=== Work request ===
A faithful copy of every entry, with the pictures removed, is what is needed here.

########################################

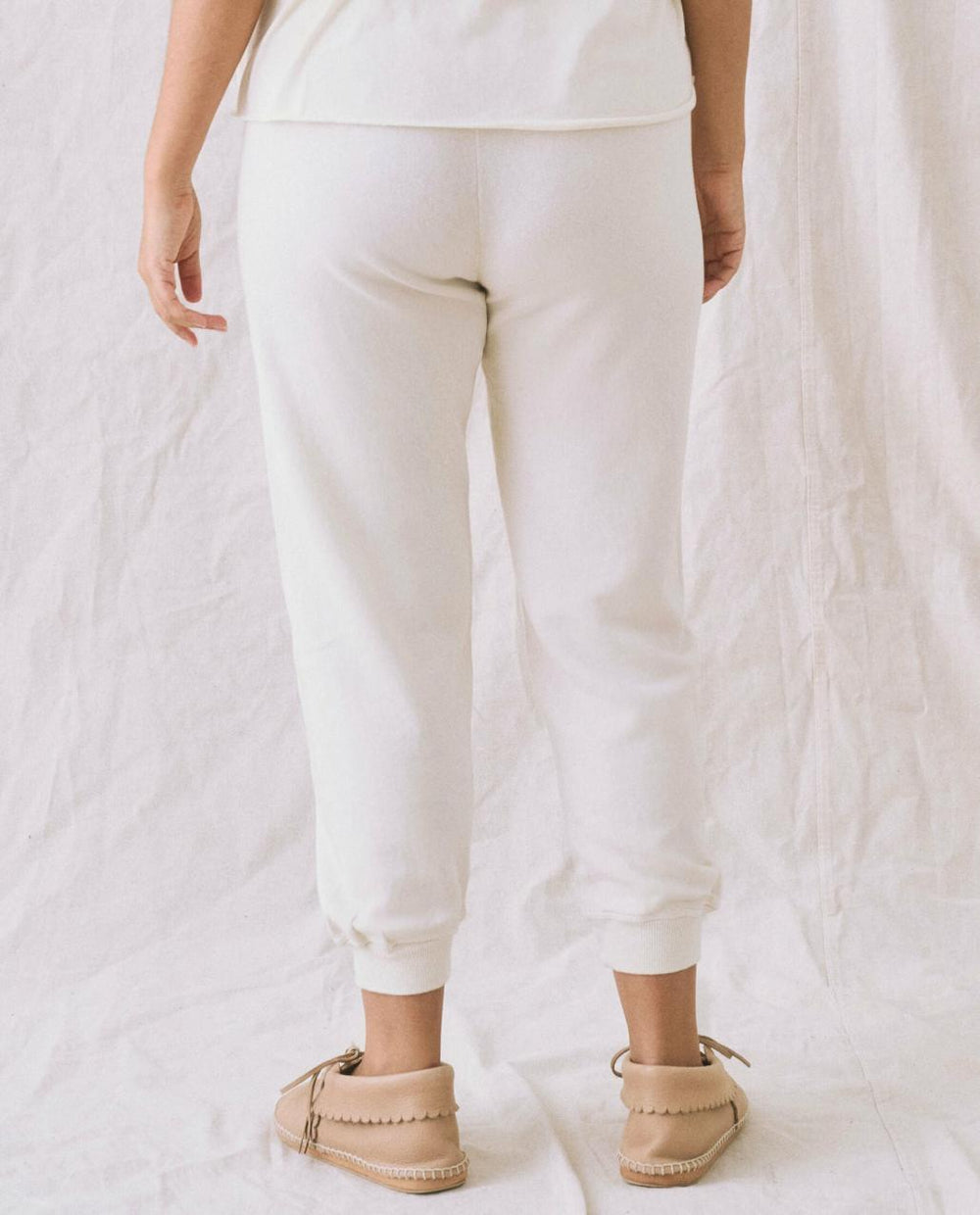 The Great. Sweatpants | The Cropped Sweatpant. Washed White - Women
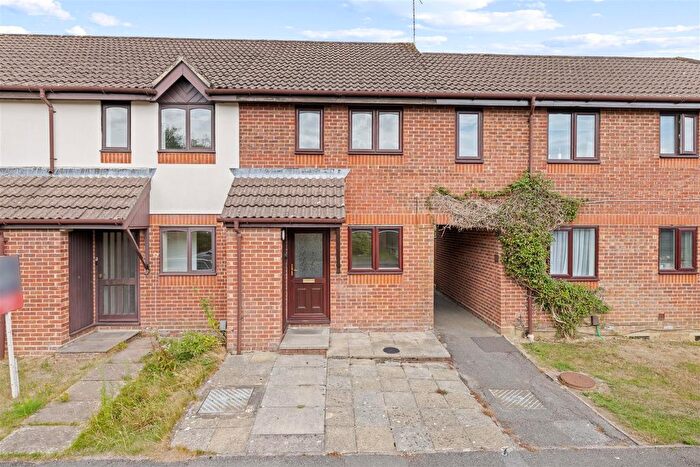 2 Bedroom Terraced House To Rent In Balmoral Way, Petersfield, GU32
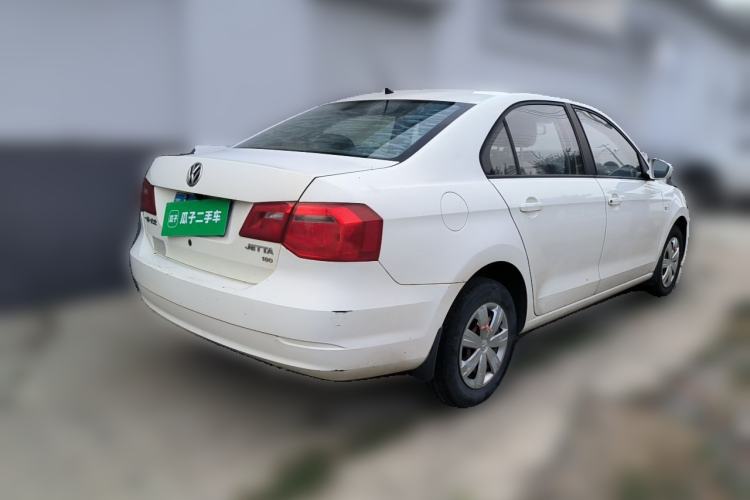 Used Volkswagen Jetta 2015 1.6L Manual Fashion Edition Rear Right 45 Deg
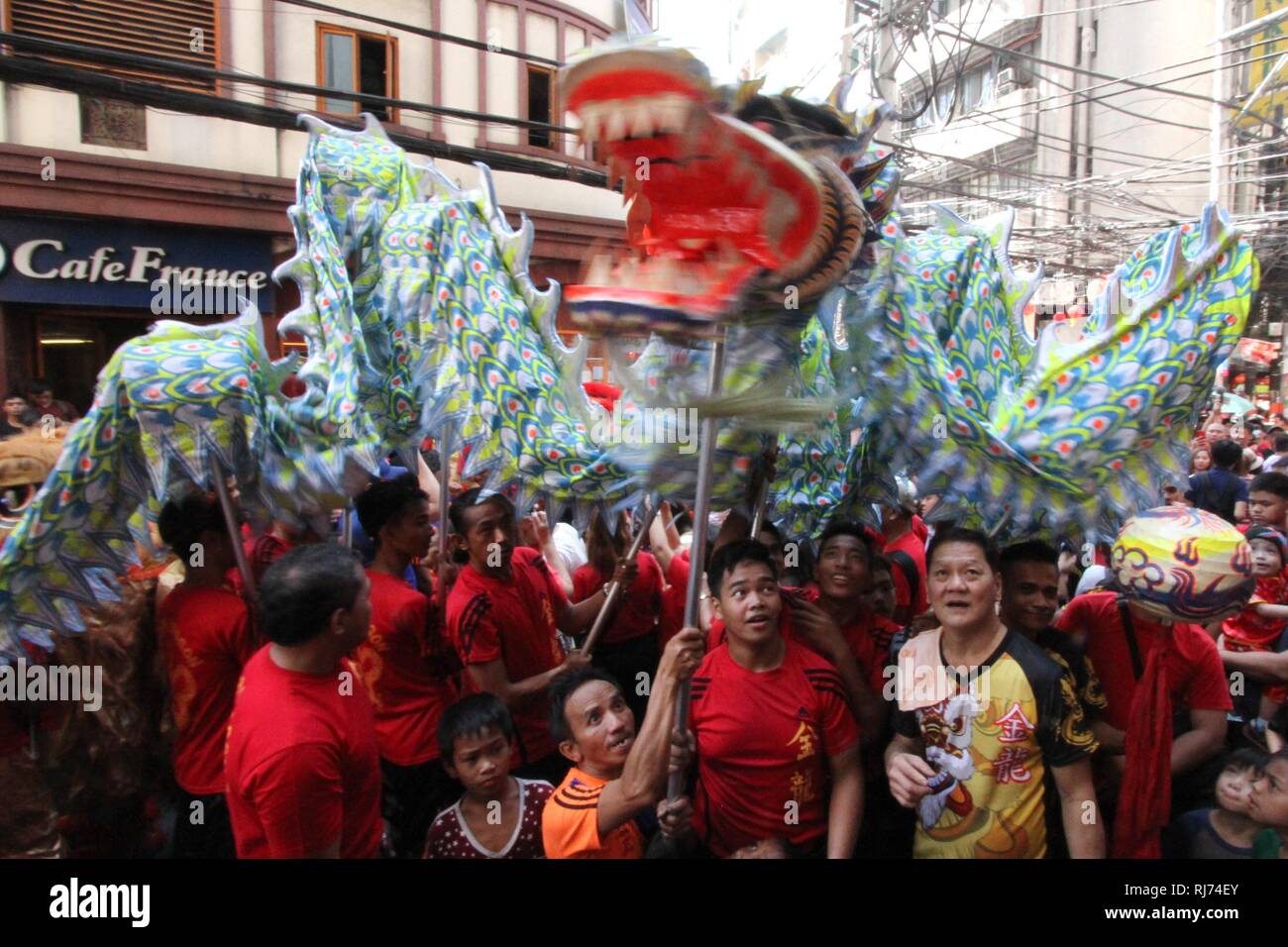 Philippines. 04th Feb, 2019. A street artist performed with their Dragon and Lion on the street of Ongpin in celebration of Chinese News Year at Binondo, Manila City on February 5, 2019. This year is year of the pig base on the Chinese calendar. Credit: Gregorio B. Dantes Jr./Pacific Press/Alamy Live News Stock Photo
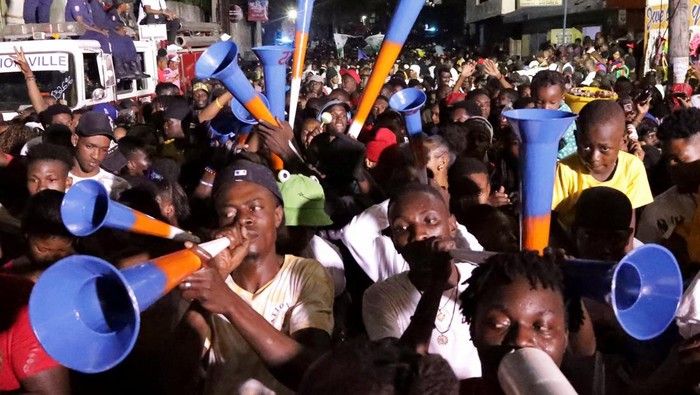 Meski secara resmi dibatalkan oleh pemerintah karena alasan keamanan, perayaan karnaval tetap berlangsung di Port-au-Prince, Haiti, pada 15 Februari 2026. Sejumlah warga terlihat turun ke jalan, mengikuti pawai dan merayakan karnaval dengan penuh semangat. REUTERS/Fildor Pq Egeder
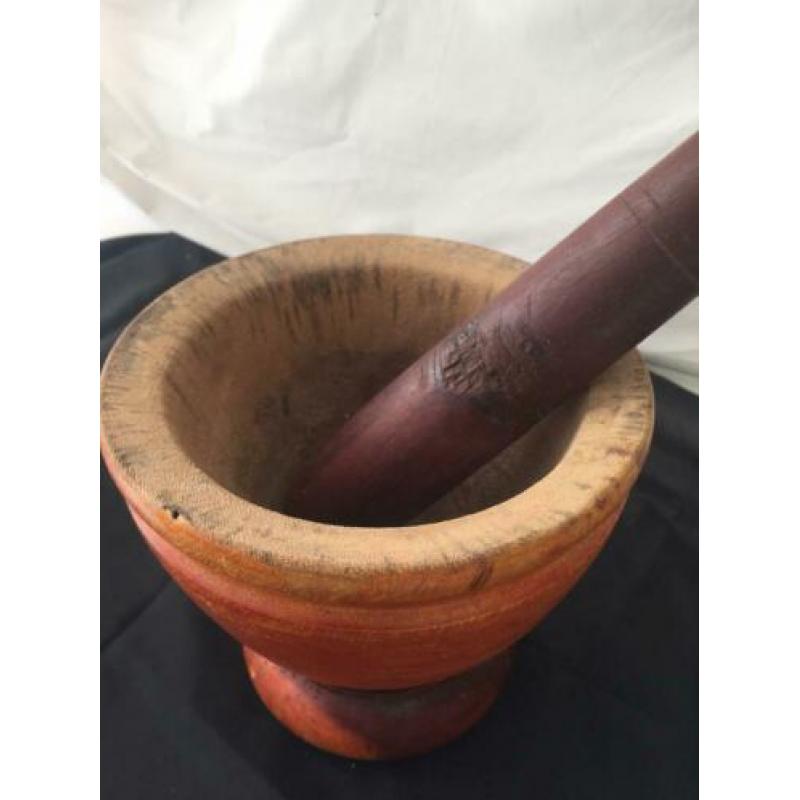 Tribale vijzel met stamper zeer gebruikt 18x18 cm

########################################

=== Solution ===
 The Great. Sweatpants | The Cropped Sweatpant. Washed White - Women
 2 Bedroom Terraced House To Rent In Balmoral Way, Petersfield, GU32
 Used Volkswagen Jetta 2015 1.6L Manual Fashion Edition Rear Right 45 Deg
 Philippines. 04th Feb, 2019. A street artist performed with their Dragon and Lion on the street of Ongpin in celebration of Chinese News Year at Binondo, Manila City on February 5, 2019. This year is year of the pig base on the Chinese calendar. Credit: Gregorio B. Dantes Jr./Pacific Press/Alamy Live News Stock Photo
 Meski secara resmi dibatalkan oleh pemerintah karena alasan keamanan, perayaan karnaval tetap berlangsung di Port-au-Prince, Haiti, pada 15 Februari 2026. Sejumlah warga terlihat turun ke jalan, mengikuti pawai dan merayakan karnaval dengan penuh semangat. REUTERS/Fildor Pq Egeder
 Tribale vijzel met stamper zeer gebruikt 18x18 cm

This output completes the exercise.